The theory centres around an anonymous source, Q, who is trying to tell the world about a secret war being waged against the "Deep State"

President Trump is said to be battling this cabal which is made up of paedophiles, Satan worshippers and cannibals.

Supporters of the entirely unfounded theory believe celebrities and political elites have been covertly running the United States government for decades.

The theory has been amplified online – with President Trump himself even retweeting from accounts linked to QAnon.

It grew out of the Pizzagate conspiracy theory, and first emerged eight months after 28-year-old man Edgar Welch armed himself with a rifle and fired at Comet Ping Pong pizzeria in Washington on December, 3, 2016.

Welch was attempting to investigate false claims that the restaurant was at the center of a high profile child sex ring orchestrated by powerful people in Washington.

Since the first message from Q, which involved Hillary Clinton, the alleged insider has posted nearly 1,800 messages.

Followers try to decipher these nonsensical posts, with some of Trump's most loyal supporters using them as a way to explain away any scandal the President might face.

Most of the deadlines mentioned in Q's posts have been and gone, with all shown to be unfounded.

Republican candidates running for office have given credence to QAnon, including some who will be up for election in November.

Violence linked to QAnon includes the murder of mob boss Frank Cali by Anthony Comello, who had become obsessed with the theory and believed the gangster was a member of the "Deep State" in March 2019.

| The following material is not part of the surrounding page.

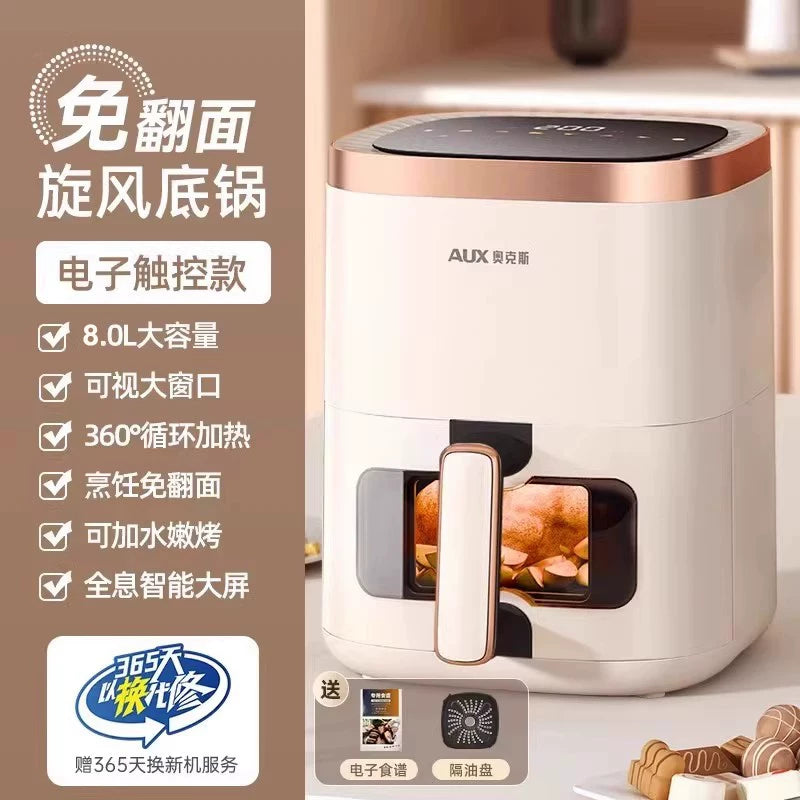 AUX Hava Qızdırıcısı, Məişət Çoxfunksiyalı Elektrikli Soba Qızdırıcısı, 2026 Yeni Model, Rəsmi Flaqman Mağazası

Comello believed he was under personal protection from Trump and spouted QAnon phrases while appearing in court after he shot Cali ten times.

Matthew Philip Wright was arrested on terrorism charges after he blocked traffic on the Hoover Dam in an armoured truck while armed with an AR-15 in June 2018.

He claimed he was on a mission for QAnon – and urged Trump to "uphold your oath" and "lock certain people up".

And then stripper Jessica Prim was arrested while carrying several knives after saying she wanted to "take out" Trump rival Joe Biden in April 2020.

She was arrested in New York City while attempting to board hospital ship USNS Comfort, with some QAnon theories stating the vessel was also linked to an imaginary paedophile ring.

General Flynn also swore on oath using the QAnon slogan "where we go one, we go all" on July 4 – and he is considered by many Q followers to be a martyr who worked to infiltrate the "Deep State".